= Master of Letters =

Master's degree

A Master of Letters degree (M.Litt. or Litt.M.; Latin Magister Litterarum or Litterarum Magister) is a postgraduate degree awarded across the Anglosphere, reflecting studies in one of the humanities, liberal arts, or an associated major.

== Ireland ==

Trinity College Dublin and Maynooth University offer M.Litt. degrees. Trinity has offered them the longest, owing largely to its tradition as Ireland's oldest university and Anglican heritage. MLitts are on offer from the School of Law and the School of Humanities.School of Law

The National University of Ireland offers M.Litt. degrees across the Human Sciences/Arts. Often students register initially for the M.Litt. programme before being 'promoted' to PhD studies. Different schools and institutes have different requirements for an M.Litt. — generally a number of seminars in the relevant area need to be completed as well as the substantial dissertation researched and written over the period of 4 semesters (6 part-time).

== United Kingdom ==

The Master of Letters degree is a postgraduate degree awarded by a few select British universities, predominantly within the "ancient" English and Scottish traditions.

=== England and Wales ===

Within the English and Welsh university systems, M.Litt. degrees are not offered at every institution, nor in every discipline. An M.Litt. may be awarded as an alternative to the Master of Philosophy (M.Ph. / Ph.M.) research degree and is usually placed higher in the hierarchy; starting with degrees such as the postgraduate Master of Arts (M.A.) and Master of Science (M.Sc.), then Master of Philosophy, and finally Master of Letters. Note that this varies from the position in Scotland. Students attending English universities do not apply for an M.Litt., rather, for those who have completed two years of a doctorate (such as a Ph.D.) and who do not wish to, or cannot, continue with the final year(s), the M.Litt. degree exists to compensate and reflect the research that candidate has conducted up to that point in time, the draft of which serves as their terminal thesis.

=== Scotland ===

The M.Litt. is awarded within most Scottish universities in reflection of the merit of having completed a one-year, non-research-focused postgraduate course, or a two-year, research-focused postgraduate course. In Scotland, M.Litt. degrees are not awareded as a sub-PhD compensatory alternative as is done in the English model. This designation also distinguishes postgraduate degrees from the award of the undergraduate degree of Master of Arts by the ancient universities of Scotland (St. Andrews, Aberdeen, Glasgow, Edinburgh). Postgraduate study for both taught and research degrees at this level may be undertaken on campus or by distance learning, depending on the university. For example, the University of the Highlands and Islands and the University of Aberdeen both offer full M.Litt. courses taught through distance learning.

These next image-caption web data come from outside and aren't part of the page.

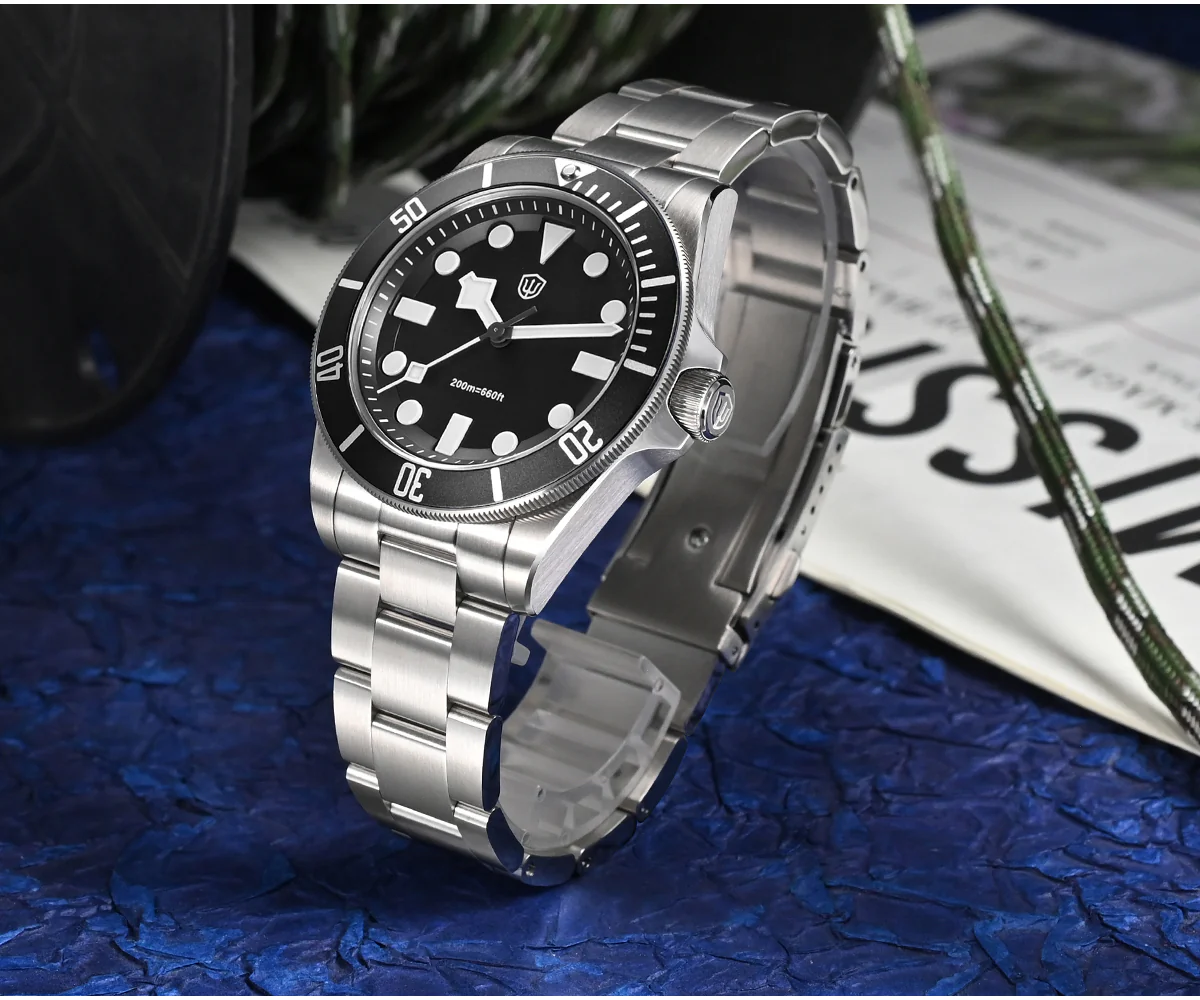 ★US Pre-Owned★Watchdives WD1969 PRO 38mm VH31 Dive Watch - Image 7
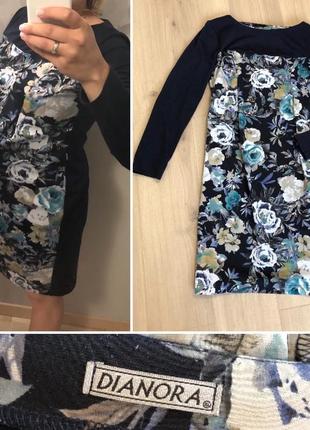 Фирменное платье dianora на осень зиму для беременной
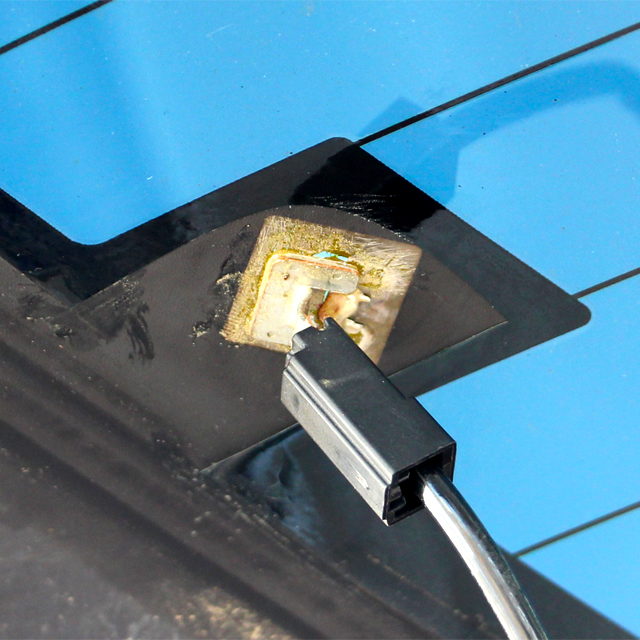 How to fix a broken defroster tab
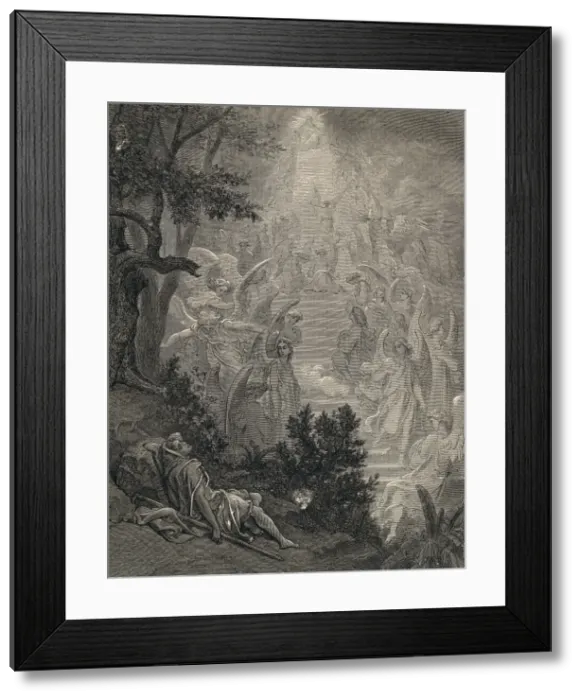Framed Print : Dore, Paul Gustave (1832-1883). La Sainte Bible Framed Print : Dore, Paul Gustave (1832-1883). La Sainte Bible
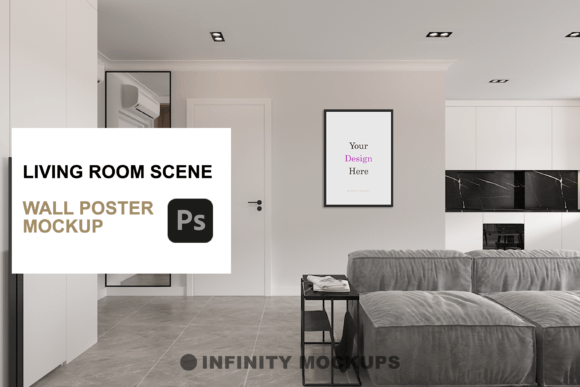 Living Room Floating Canvas Mockup Guide
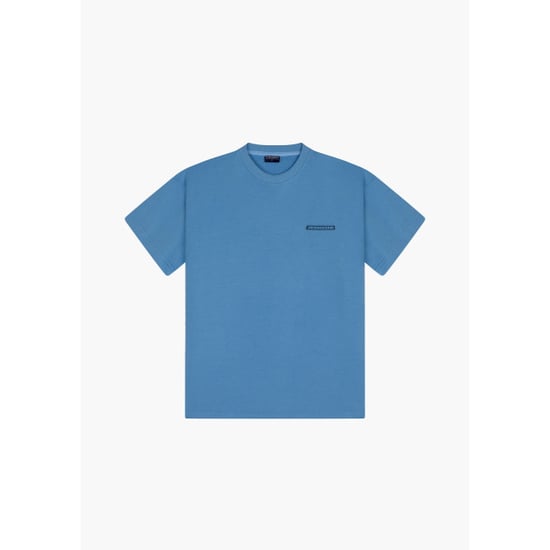 Black Donkey Relaxt summer t-shirt i blue - Image 1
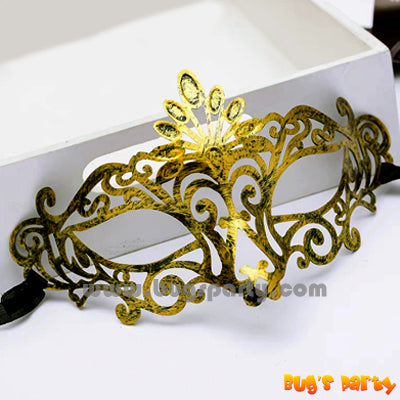 Elegant Gold Silver Masquerade Mask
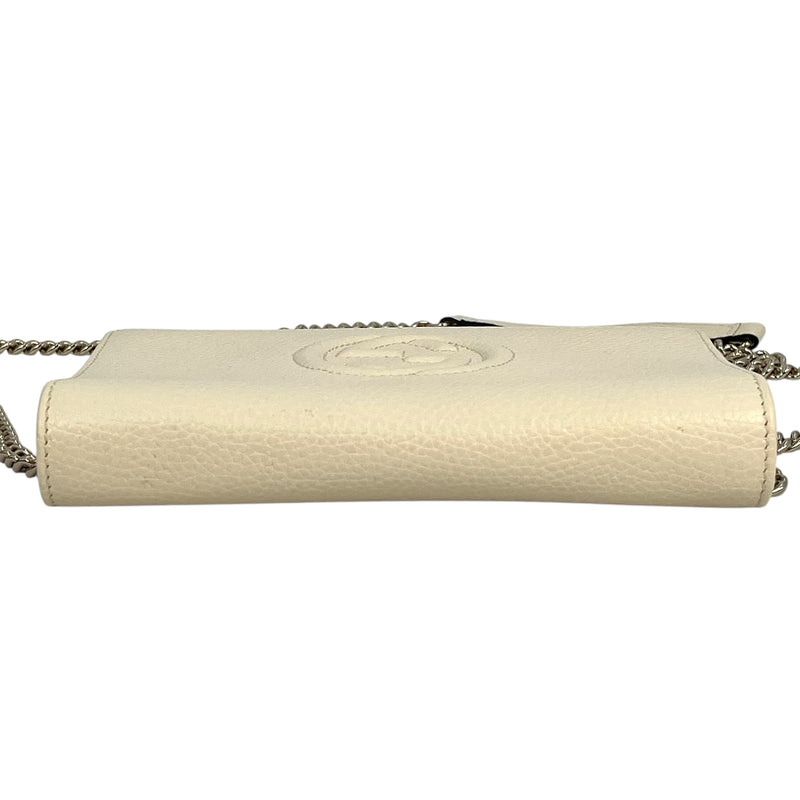 GUCCI Soho Chain Wallet - Cream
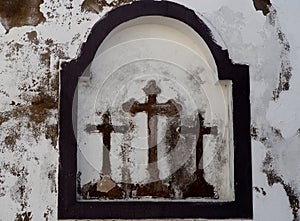 Chapel Of Nossa Senhora Do Pe Da Crus In Faro Portugal photo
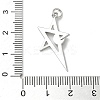 Rack Plating Brass Micro Pave Cubic Zirconia Pendants KK-K392-40P-3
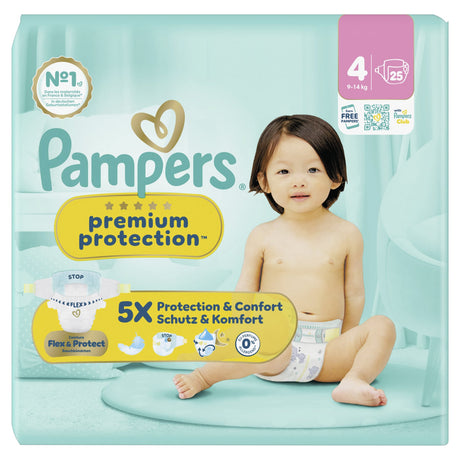 Pampers Premium Protection Windeln Größe 4 Maxi (9-14 kg) mit 3-fach-Schutz-System – Ansicht 2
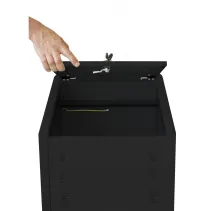 Szafa stojąca/wisząca Rack 19" 8U 540x600, drzwi perforowane, do baterii fotowoltaicznych, czarna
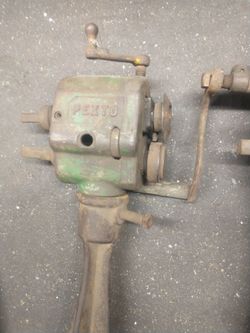 2 PEXTO bead rollers sheet metal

The taught M.Litt. requires study of 90 ECTS credits, including a research-led dissertation (often 30 credits) usually of 15,000-18,000 words in length. The M.Litt. (Research) may be awarded to a student whose postgraduate course of special study and research represents a significant contribution to knowledge. The period of full-time study is two years and the thesis is normally 40,000–50,000 words — sometimes up to 70,000. In all cases, the M.Litt. is usually awarded in Arts, Divinity, Fine Art, Humanities, or Social Sciences.

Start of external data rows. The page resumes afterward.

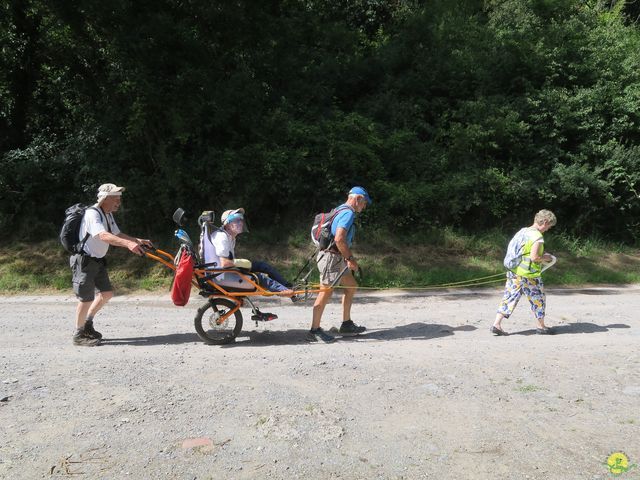 Randonnée joëlettes à Annevoie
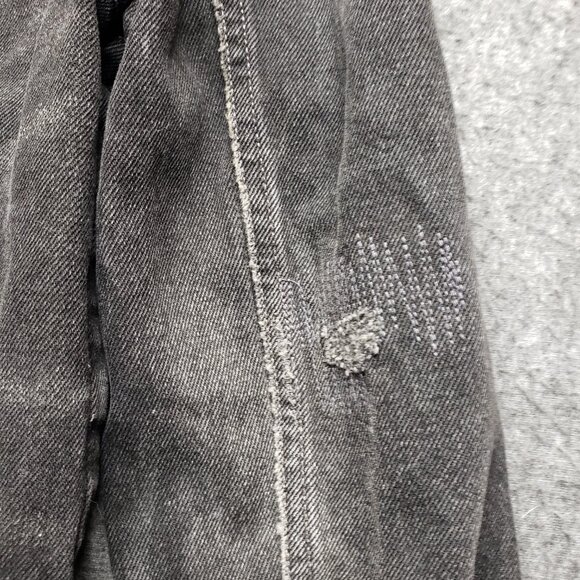 Polo Ralph Lauren Denim Supply Black Jean Jacket USA Flag Patch Vtg Women's XS - Picture 6 of 12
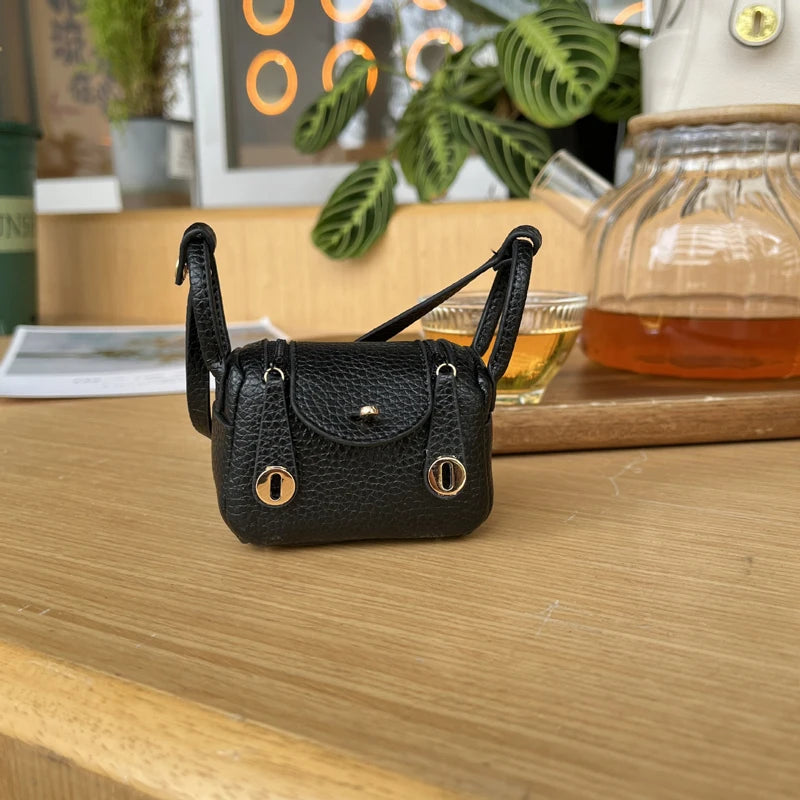 Microfibre Leather Earphone Case Mini For AirPods Pro — Black | KIMLUD
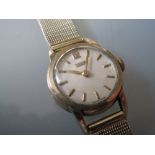 Ladies gold plated Tissot wristwatch with 14ct gold straps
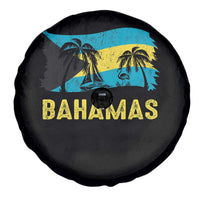 Bahamas Flag Spare Tire Cover Tropical Island Palm Trees Bahamian Gifts - Wonder Print Shop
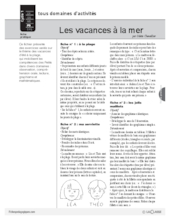 Les vacances à la mer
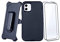 WallSkiN Case for iPhone 11 (6.1) with 2 Screen Protectors | Heavy Duty Full Body Military Grade Drop Protection Carrying Cover Holder | Holster for Men Belt with Clip Stand – Black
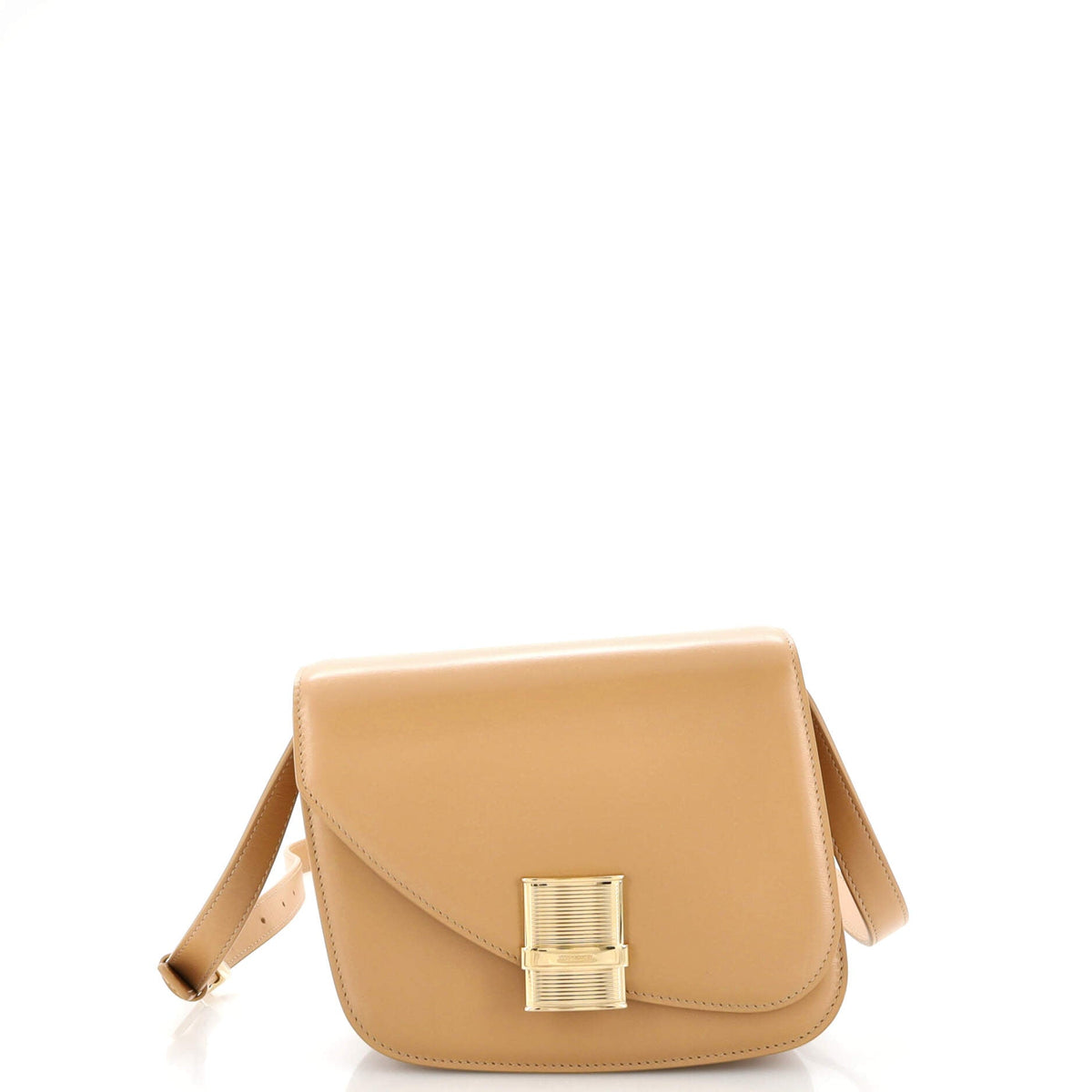Salvatore Ferragamo Fiamma Crossbody Bag Leather Small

=== at the University of Edinburgh ===
The University of Edinburgh does not designate degrees as M.Litt., normally offering the degree of M.Sc. for a one-year taught postgraduate degree. It offers research degrees as either a one-year Masters by Research, a two-year Master of Philosophy, or a Ph.D.

== United States ==
Most American universities do not award the Master of Letters degree. It is awarded by some schools in the United States.
- Drew University, in Madison, New Jersey, offers the Master of Letters as an interdisciplinary graduate degree in the Humanities through its "Arts & Letters" programme. The M.Litt. degree requires 33 credit hours and the option of submitting a three-credit 50 to 75-page thesis. It is an intermediate degree in the programme, which also offers a Doctor of Letters (D.Litt.) program.
- Middlebury College offers the degree for the advanced study of English and writing beyond the Master of Arts through its Bread Loaf School of English.
- Mary Baldwin University awards a M.Litt. degree requiring two years of study and research in Shakespeare and Performance, which it offers as an intermediate degree in its three-year MFA program.
- Omega Graduate School in Tennessee offers an M.Litt. degree in Family Life Education and Organizational Leadership.

== Australia ==
The M.Litt. is awarded by two universities in Australia:
- Central Queensland University offer the degree only by distance education through the School of Humanities, Psychology and Social Work, as a 50% coursework, 50% research course, taking two to three years part-time.
- The University of Sydney's M.Litt. is available to students who have previously completed an MA in a relevant discipline. Students can specialise in Creative Writing, English, Theology, History, Linguistics, Museum Studies, or Peace and Conflict Studies.

The Australian National University, Monash University and the University of New England once offered the M.Litt., but have both discontinued the course. Monash, however, retained the Bachelor of Letters as a postgraduate arts degree.